> **Supplied entries**:
+--
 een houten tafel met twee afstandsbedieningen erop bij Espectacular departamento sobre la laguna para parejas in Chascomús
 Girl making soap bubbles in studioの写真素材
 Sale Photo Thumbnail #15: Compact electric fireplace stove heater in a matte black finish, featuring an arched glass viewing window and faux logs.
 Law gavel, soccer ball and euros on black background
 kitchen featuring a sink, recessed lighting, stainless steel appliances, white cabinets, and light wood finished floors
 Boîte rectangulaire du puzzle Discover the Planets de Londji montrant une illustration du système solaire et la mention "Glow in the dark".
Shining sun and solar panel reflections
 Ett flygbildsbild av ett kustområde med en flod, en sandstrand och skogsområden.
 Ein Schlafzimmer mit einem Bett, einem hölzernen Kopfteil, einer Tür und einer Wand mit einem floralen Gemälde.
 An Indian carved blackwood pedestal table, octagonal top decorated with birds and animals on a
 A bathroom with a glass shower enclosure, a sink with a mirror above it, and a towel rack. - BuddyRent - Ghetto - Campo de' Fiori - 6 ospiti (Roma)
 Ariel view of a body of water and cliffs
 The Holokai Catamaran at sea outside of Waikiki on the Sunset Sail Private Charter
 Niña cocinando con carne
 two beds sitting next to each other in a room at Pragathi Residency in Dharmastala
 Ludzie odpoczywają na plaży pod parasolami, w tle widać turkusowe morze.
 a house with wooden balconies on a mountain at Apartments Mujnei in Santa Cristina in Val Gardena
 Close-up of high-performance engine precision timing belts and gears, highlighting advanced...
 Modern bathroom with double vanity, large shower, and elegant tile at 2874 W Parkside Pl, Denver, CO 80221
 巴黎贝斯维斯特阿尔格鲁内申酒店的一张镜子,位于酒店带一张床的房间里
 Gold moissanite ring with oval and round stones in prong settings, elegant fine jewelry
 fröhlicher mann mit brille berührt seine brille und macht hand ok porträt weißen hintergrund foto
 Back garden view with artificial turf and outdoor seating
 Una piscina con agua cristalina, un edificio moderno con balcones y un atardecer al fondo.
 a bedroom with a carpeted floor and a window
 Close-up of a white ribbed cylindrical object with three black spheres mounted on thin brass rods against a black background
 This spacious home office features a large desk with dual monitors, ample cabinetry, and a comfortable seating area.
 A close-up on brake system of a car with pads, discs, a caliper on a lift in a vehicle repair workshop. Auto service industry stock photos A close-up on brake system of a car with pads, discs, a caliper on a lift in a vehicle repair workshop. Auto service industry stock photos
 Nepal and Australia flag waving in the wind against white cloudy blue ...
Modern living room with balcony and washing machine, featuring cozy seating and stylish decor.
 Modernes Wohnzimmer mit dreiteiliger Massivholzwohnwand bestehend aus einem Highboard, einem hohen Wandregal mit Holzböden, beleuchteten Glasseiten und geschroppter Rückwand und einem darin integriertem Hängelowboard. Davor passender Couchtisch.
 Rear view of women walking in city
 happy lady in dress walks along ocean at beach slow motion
+--
Set down only the lines above that fall between the line holding "Shining sun and solar panel reflections" and the line holding "Ein Schlafzimmer mit", inclusive, keeping each exact.

> **Final answer**:
Shining sun and solar panel reflections
 Ett flygbildsbild av ett kustområde med en flod, en sandstrand och skogsområden.
 Ein Schlafzimmer mit einem Bett, einem hölzernen Kopfteil, einer Tür und einer Wand mit einem floralen Gemälde.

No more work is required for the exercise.